EXERCISE GOAL
From the entries below, return only the lines starting at the one that contains "Rice St & Pennsylvania" and ending at the one that contains "Case Samsung Galaxy", exactly as they stand.

====== EXERCISE MATERIALS

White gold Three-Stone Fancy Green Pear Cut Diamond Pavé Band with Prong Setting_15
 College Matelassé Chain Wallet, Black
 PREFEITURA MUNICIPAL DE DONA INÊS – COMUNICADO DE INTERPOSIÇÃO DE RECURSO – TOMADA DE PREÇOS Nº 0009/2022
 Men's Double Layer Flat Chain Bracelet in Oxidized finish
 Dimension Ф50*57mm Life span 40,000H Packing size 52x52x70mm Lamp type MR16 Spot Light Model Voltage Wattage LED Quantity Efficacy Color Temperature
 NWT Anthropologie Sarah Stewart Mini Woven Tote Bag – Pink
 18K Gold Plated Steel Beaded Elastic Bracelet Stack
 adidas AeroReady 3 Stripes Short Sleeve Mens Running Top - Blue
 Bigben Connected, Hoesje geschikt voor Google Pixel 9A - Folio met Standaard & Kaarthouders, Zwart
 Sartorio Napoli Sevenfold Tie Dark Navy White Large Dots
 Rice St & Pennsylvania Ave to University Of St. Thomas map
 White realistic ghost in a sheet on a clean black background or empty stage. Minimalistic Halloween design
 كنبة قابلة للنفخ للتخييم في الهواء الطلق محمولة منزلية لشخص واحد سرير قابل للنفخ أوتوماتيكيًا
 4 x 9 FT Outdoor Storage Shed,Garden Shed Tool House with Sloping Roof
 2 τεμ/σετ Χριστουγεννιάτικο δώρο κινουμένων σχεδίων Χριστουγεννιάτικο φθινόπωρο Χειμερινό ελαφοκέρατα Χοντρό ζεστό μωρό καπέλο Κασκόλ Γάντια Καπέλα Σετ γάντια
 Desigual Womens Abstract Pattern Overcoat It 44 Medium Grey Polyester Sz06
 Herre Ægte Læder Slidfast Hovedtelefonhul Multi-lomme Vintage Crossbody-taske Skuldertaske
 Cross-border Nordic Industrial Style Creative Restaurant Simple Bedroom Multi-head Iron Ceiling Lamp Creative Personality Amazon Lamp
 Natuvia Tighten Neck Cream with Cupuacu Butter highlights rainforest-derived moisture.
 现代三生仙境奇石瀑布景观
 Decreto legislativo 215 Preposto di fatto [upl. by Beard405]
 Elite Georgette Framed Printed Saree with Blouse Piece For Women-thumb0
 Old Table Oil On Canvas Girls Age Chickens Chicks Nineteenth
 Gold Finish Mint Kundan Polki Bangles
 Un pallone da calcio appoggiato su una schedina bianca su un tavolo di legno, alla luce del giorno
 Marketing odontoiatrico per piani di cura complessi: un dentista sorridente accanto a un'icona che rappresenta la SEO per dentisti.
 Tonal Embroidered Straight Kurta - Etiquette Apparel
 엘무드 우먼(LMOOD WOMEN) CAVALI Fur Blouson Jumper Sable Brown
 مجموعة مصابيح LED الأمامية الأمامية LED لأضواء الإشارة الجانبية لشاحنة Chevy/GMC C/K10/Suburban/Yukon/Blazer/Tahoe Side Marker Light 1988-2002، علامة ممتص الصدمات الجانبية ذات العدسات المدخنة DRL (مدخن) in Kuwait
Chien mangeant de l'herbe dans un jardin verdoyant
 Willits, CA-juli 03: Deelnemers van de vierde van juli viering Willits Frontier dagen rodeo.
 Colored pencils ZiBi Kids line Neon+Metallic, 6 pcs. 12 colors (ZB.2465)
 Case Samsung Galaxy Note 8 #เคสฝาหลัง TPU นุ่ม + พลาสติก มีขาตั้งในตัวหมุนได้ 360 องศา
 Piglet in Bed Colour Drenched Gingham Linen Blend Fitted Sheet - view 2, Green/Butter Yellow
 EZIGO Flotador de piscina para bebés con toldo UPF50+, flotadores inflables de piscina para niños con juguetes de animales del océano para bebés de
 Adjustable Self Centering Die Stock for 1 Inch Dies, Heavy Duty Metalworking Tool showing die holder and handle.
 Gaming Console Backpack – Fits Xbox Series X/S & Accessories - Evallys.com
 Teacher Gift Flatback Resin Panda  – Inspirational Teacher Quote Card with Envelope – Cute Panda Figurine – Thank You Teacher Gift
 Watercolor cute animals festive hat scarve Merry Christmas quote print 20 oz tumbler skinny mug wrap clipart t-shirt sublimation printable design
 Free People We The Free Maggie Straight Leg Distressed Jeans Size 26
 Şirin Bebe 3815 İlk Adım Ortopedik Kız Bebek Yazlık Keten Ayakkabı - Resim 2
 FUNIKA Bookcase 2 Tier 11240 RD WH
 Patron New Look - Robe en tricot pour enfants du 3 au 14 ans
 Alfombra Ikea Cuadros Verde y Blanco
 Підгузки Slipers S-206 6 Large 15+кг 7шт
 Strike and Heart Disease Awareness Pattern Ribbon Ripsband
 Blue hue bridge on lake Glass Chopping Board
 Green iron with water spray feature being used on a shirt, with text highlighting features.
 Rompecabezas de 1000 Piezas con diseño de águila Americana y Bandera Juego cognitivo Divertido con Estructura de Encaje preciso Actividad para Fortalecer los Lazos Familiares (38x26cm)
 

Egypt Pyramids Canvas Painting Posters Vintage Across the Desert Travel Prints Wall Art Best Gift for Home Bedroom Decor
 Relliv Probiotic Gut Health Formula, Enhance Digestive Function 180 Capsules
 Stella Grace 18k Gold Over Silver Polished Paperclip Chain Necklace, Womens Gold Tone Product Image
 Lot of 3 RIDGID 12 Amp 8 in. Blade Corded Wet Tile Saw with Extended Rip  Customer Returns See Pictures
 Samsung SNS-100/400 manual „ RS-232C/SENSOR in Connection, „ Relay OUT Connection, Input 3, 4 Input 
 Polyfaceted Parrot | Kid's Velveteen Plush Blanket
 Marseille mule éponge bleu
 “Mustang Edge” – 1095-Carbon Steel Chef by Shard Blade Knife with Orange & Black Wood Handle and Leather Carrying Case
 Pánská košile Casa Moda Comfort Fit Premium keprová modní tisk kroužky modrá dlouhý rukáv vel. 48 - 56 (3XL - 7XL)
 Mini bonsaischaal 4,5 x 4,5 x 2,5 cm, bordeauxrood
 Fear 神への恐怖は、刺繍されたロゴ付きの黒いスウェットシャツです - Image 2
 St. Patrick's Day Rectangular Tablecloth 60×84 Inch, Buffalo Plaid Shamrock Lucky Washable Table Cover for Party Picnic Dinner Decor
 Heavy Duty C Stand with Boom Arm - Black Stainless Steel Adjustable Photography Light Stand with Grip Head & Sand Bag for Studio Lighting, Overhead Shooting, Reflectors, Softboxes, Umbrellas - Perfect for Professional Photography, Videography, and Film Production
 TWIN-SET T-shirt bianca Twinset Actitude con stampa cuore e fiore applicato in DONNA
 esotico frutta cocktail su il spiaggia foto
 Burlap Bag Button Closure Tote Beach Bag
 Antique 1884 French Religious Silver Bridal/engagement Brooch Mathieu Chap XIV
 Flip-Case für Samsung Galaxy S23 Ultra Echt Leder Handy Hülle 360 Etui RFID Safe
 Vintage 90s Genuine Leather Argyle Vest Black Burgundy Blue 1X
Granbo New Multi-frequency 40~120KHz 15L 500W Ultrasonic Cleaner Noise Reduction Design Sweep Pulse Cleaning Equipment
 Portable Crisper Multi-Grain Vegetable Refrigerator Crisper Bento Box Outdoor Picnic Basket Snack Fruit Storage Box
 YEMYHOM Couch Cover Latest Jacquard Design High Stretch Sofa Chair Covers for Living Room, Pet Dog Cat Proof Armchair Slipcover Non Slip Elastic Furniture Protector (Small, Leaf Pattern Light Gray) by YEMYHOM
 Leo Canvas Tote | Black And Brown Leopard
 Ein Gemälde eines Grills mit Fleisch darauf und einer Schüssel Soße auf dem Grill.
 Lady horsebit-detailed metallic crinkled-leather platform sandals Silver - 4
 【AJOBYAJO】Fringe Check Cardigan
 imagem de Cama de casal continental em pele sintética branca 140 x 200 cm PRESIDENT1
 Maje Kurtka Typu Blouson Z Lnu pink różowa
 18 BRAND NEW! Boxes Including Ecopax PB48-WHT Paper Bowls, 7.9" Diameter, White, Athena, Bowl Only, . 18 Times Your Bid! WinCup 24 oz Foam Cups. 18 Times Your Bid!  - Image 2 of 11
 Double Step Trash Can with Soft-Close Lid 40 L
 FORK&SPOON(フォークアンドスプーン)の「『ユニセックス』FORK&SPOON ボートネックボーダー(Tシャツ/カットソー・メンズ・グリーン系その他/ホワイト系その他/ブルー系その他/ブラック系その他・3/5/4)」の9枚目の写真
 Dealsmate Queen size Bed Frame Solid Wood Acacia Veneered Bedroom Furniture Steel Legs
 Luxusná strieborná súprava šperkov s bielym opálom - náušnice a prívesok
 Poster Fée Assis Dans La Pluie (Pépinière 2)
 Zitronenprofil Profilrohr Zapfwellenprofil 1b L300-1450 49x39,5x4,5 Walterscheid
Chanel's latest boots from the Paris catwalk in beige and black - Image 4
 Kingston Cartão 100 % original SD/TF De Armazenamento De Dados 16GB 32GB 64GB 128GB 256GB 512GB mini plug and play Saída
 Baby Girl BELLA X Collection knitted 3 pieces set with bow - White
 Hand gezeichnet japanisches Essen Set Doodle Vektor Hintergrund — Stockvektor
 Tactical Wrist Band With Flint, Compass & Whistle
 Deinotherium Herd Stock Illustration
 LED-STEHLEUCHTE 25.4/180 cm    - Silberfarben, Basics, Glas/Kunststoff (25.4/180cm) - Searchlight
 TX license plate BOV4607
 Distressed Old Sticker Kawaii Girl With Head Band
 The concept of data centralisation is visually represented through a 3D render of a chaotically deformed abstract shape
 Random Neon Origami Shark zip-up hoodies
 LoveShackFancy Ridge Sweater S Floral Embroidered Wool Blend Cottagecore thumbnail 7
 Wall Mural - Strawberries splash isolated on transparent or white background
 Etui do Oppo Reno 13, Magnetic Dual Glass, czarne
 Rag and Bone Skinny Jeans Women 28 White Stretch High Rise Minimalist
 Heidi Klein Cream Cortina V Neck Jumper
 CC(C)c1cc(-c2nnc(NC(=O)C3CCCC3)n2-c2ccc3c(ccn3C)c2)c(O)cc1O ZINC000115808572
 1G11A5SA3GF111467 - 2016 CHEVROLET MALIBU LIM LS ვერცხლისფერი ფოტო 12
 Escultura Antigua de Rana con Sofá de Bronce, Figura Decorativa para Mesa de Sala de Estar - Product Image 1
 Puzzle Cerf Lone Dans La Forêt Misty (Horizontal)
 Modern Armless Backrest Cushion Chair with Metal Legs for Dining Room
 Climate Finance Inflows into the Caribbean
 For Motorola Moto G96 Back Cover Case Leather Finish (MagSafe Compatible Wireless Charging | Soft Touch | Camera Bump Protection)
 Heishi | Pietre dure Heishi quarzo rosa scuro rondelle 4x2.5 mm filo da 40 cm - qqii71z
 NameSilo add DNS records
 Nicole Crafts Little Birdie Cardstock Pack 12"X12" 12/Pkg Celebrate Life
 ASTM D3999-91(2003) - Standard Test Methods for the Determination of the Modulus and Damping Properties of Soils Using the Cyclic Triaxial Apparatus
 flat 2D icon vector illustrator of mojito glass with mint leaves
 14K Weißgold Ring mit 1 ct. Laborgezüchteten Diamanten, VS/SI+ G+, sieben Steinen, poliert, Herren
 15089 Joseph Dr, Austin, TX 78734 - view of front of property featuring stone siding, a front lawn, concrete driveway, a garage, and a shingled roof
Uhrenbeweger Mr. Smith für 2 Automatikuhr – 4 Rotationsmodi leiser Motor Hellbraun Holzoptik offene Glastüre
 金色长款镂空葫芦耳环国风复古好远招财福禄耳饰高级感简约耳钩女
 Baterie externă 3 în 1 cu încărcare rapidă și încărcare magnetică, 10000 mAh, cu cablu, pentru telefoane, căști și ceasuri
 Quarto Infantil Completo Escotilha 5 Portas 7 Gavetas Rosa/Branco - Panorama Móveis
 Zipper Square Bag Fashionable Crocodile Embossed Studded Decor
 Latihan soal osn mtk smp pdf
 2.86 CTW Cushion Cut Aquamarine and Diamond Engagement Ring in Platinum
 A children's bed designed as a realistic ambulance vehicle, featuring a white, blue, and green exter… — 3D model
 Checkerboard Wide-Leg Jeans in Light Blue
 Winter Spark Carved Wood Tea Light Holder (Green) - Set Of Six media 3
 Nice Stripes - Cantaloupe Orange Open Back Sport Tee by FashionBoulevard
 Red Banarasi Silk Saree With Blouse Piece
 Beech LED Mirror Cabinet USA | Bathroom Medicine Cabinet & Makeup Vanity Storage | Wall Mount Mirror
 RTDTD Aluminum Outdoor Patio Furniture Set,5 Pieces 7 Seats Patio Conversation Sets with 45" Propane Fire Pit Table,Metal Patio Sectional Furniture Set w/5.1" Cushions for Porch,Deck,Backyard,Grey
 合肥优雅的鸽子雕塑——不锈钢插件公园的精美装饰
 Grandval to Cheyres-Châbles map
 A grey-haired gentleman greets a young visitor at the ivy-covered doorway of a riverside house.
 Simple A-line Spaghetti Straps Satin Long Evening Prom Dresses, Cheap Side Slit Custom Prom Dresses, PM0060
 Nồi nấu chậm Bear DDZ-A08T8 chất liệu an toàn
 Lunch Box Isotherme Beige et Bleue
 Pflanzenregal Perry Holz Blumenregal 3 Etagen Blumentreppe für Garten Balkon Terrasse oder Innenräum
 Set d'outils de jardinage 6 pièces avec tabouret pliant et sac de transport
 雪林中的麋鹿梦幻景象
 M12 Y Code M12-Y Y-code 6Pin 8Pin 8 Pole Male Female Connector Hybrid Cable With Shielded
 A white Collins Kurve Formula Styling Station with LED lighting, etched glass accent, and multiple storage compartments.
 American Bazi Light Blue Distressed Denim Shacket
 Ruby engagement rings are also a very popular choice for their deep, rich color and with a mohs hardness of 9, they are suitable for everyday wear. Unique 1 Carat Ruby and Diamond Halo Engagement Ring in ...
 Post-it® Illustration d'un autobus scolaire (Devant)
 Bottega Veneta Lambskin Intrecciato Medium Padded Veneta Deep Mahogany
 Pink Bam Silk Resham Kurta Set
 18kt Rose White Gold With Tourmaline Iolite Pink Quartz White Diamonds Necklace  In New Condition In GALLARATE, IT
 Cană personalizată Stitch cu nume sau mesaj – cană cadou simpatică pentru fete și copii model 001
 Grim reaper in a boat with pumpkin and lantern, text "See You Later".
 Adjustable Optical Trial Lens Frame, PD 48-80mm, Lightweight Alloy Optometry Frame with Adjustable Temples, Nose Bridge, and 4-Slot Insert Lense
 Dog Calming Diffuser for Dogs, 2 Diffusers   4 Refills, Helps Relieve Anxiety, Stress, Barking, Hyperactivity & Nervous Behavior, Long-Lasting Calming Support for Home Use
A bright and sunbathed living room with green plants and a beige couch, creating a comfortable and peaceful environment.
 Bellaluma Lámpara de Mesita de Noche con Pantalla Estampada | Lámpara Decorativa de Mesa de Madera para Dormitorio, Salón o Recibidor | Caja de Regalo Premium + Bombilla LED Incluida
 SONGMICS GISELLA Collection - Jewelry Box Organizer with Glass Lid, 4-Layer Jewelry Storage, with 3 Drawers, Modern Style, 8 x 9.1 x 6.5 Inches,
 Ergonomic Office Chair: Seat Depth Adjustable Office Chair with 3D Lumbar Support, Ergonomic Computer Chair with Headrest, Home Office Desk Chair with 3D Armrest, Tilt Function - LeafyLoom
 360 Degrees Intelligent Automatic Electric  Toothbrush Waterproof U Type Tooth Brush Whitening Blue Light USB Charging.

============

OUTPUT OF THE EXERCISE
 Rice St & Pennsylvania Ave to University Of St. Thomas map
 White realistic ghost in a sheet on a clean black background or empty stage. Minimalistic Halloween design
 كنبة قابلة للنفخ للتخييم في الهواء الطلق محمولة منزلية لشخص واحد سرير قابل للنفخ أوتوماتيكيًا
 4 x 9 FT Outdoor Storage Shed,Garden Shed Tool House with Sloping Roof
 2 τεμ/σετ Χριστουγεννιάτικο δώρο κινουμένων σχεδίων Χριστουγεννιάτικο φθινόπωρο Χειμερινό ελαφοκέρατα Χοντρό ζεστό μωρό καπέλο Κασκόλ Γάντια Καπέλα Σετ γάντια
 Desigual Womens Abstract Pattern Overcoat It 44 Medium Grey Polyester Sz06
 Herre Ægte Læder Slidfast Hovedtelefonhul Multi-lomme Vintage Crossbody-taske Skuldertaske
 Cross-border Nordic Industrial Style Creative Restaurant Simple Bedroom Multi-head Iron Ceiling Lamp Creative Personality Amazon Lamp
 Natuvia Tighten Neck Cream with Cupuacu Butter highlights rainforest-derived moisture.
 现代三生仙境奇石瀑布景观
 Decreto legislativo 215 Preposto di fatto [upl. by Beard405]
 Elite Georgette Framed Printed Saree with Blouse Piece For Women-thumb0
 Old Table Oil On Canvas Girls Age Chickens Chicks Nineteenth
 Gold Finish Mint Kundan Polki Bangles
 Un pallone da calcio appoggiato su una schedina bianca su un tavolo di legno, alla luce del giorno
 Marketing odontoiatrico per piani di cura complessi: un dentista sorridente accanto a un'icona che rappresenta la SEO per dentisti.
 Tonal Embroidered Straight Kurta - Etiquette Apparel
 엘무드 우먼(LMOOD WOMEN) CAVALI Fur Blouson Jumper Sable Brown
 مجموعة مصابيح LED الأمامية الأمامية LED لأضواء الإشارة الجانبية لشاحنة Chevy/GMC C/K10/Suburban/Yukon/Blazer/Tahoe Side Marker Light 1988-2002، علامة ممتص الصدمات الجانبية ذات العدسات المدخنة DRL (مدخن) in Kuwait
Chien mangeant de l'herbe dans un jardin verdoyant
 Willits, CA-juli 03: Deelnemers van de vierde van juli viering Willits Frontier dagen rodeo.
 Colored pencils ZiBi Kids line Neon+Metallic, 6 pcs. 12 colors (ZB.2465)
 Case Samsung Galaxy Note 8 #เคสฝาหลัง TPU นุ่ม + พลาสติก มีขาตั้งในตัวหมุนได้ 360 องศา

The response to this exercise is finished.